Nielsen: Maskarade CD review – cast, conductor and orchestra relish every bar

Michael Schønwandt
Squeezing the maximum out of the score … Michael Schønwandt

A new recording of Carl Nielsen’s best, and best-known, opera was always likely during the year marking the 150th anniversary of his birth, and like its two predecessors on disc, it has a homegrown provenance. Over the last century, Maskarade has become established as the classic Danish opera, a work of broad comic appeal and humanity that occupies a regular place in the repertory of the country’s opera companies. This latest version, conducted by the former music director of the Danish Royal Opera, Michael Schønwandt, includes many of its leading singers in the cast.

Nielsen completed the work in 1906, using a play by Ludvig Holberg as the source of his libretto. It’s set in Copenhagen in 1723, and the comedy pivots about the usual 18th-century tangle of unknown assignations. The fun may be sometimes a bit strained and heavy-handed, but Nielsen’s score generally has the lightest of touches, with Wagner’s Meistersinger, Verdi’s Falstaff and Mozart’s Figaro – almost inevitable in an opera whose characters include a wily valet – prominent among his models.

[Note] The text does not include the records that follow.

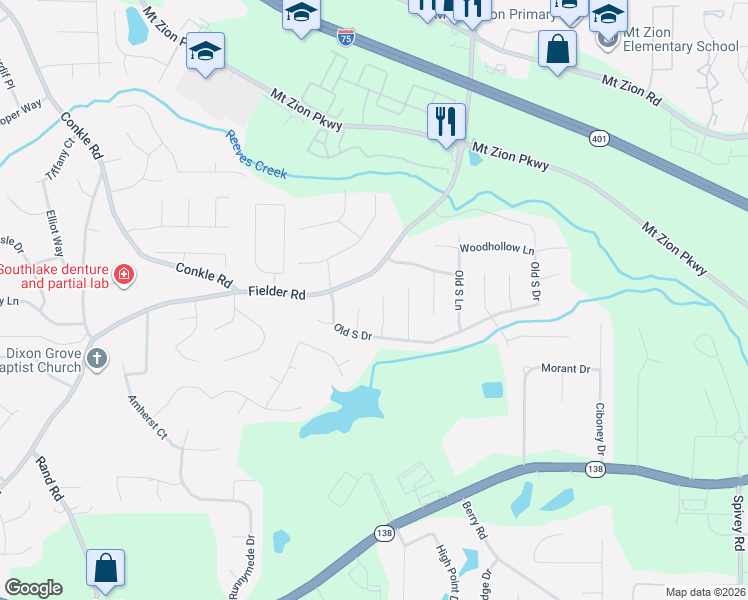 map of restaurants, bars, coffee shops, grocery stores, and more near 7577 Casper Court in Jonesboro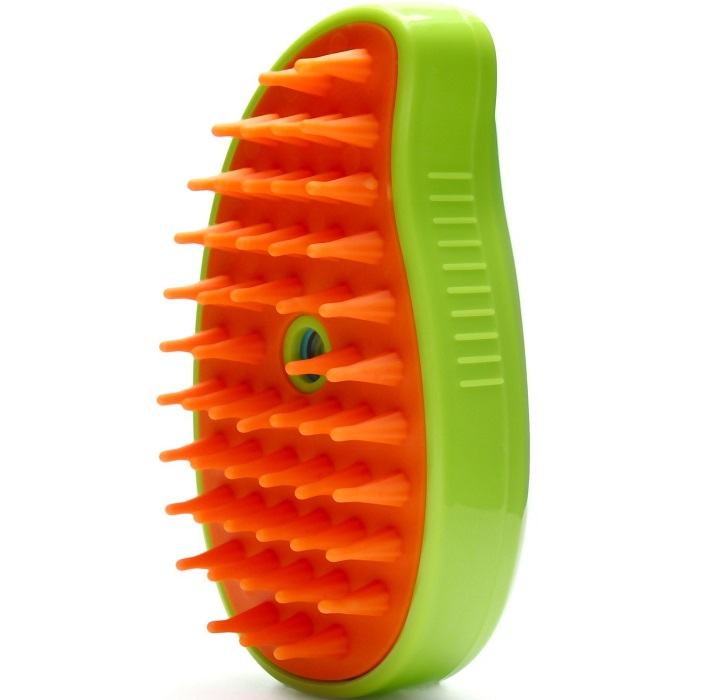 Паровая щетка-расческа для животных, с USB-зарядкой, зелёная   10576186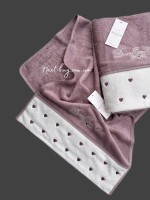 Maison D`or Lavoine Hearts dark lilac махровий рушник для сауни 85х150 - Зображення 3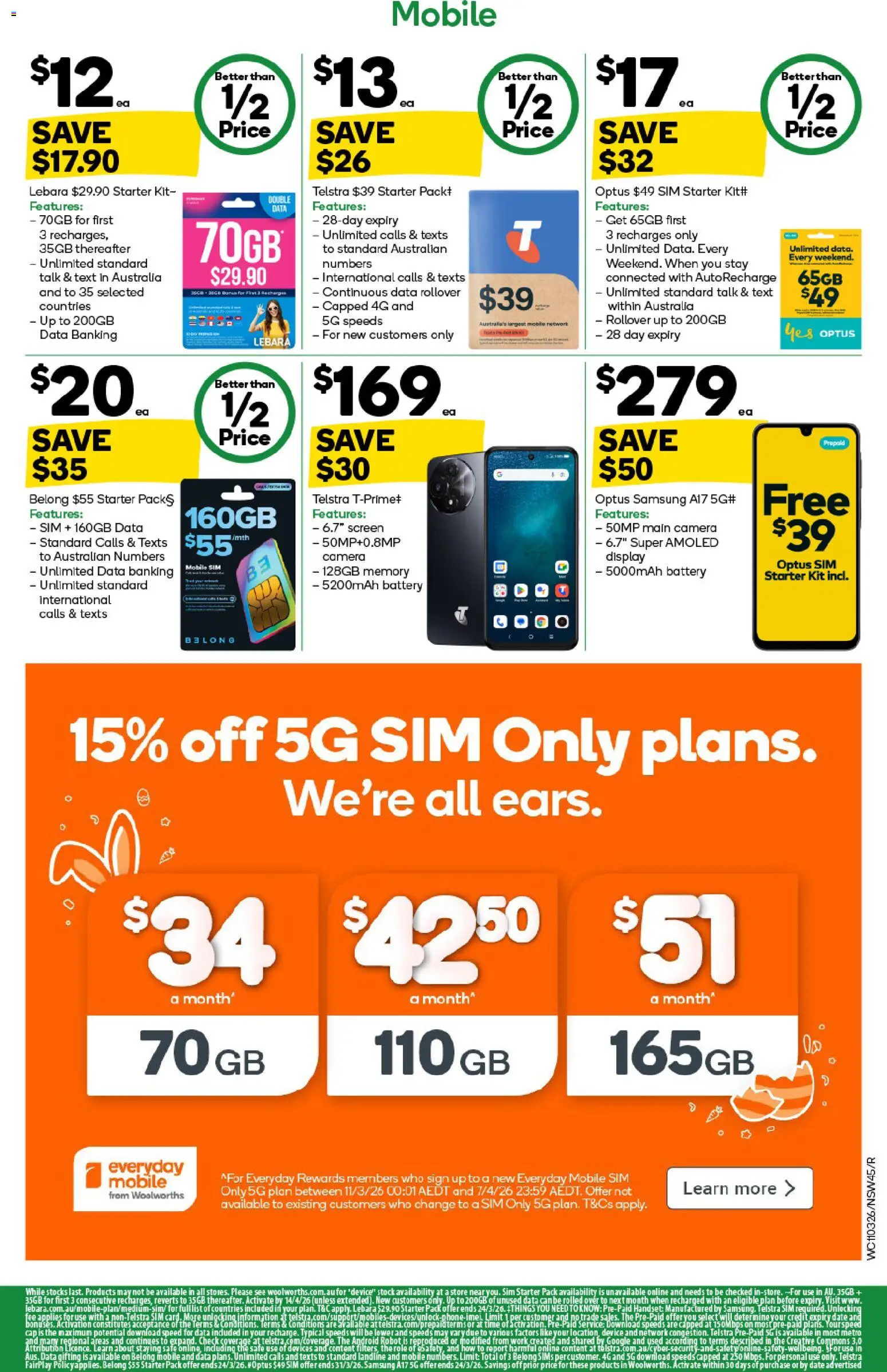 Woolworths catalogue  - page 45- valid from 11/03/2026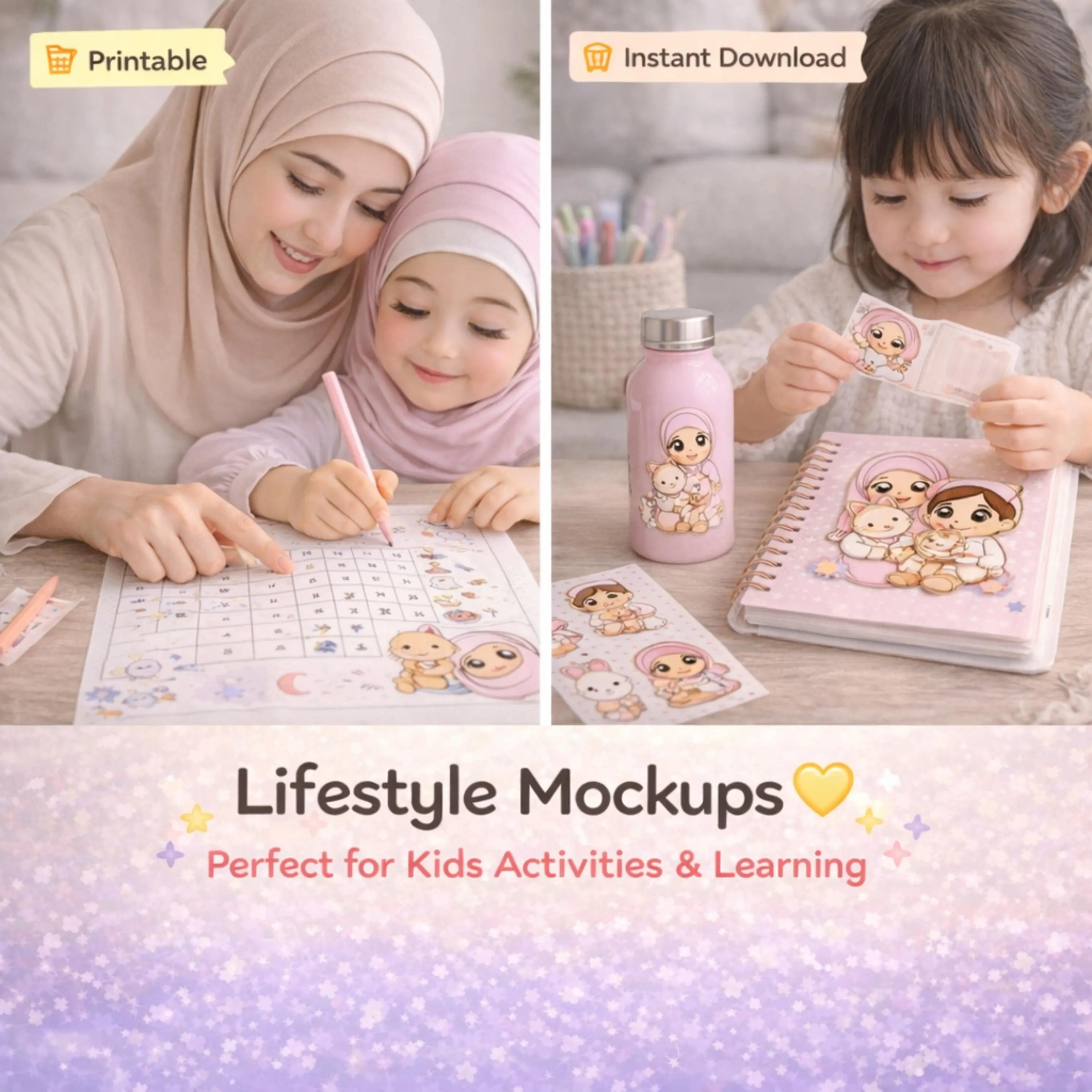 Muslim Kids Clipart, Pastel Illustrations, Worksheets & Activities (Instant Download) - image 5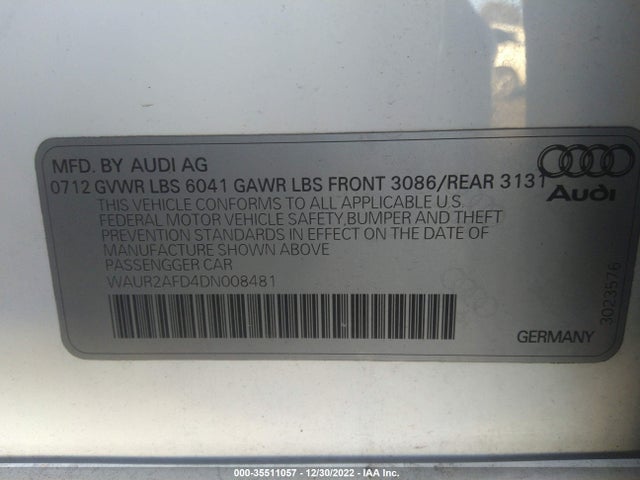 Audi A8 L 4.0l 2013 WAUR2AFD4DN008481 Image 10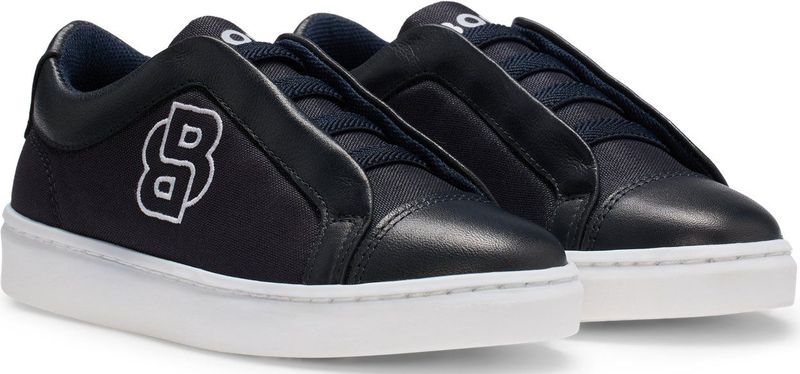 BOSS - J51657 - Leren Sportschoenen - Marineblauw - Plat - Veters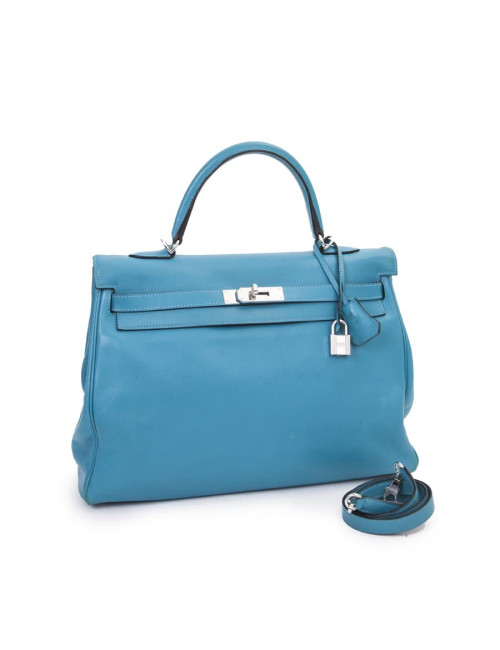 Sac HERMES Kelly II 35 en cuir de veau swift bleu izmir avec bandoulière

Kyle Ketelsen as Henrik and Michael Schade as Leander in the Royal Opera House's 2005 production of Maskarade.
Kyle Ketelsen as Henrik and Michael Schade as Leander in the Royal Opera House’s 2005 production of Maskarade. Photograph: Tristram Kenton for the Guardian

When played and sung like this, by a cast, conductor and orchestra who clearly relish every bar, it is easy to be swept along by the warmth and generosity of spirit of the music. Niels Jørgen Riis takes the role of the dissolute Leander, the young man who finds himself about to be married off to Leonora (Dénise Beck), only to discover at the ball that he has fallen in love with her anyway. Johann Reuter is his servant, Henrik, who conveniently is attracted to Leonora’s servant, Pernille (Ditte Højgaard Andersen). All squeeze the maximum dramatic juice out of what the score gives them; they may be stock comic characters, but the feelings with which Nielsen invests them are real enough.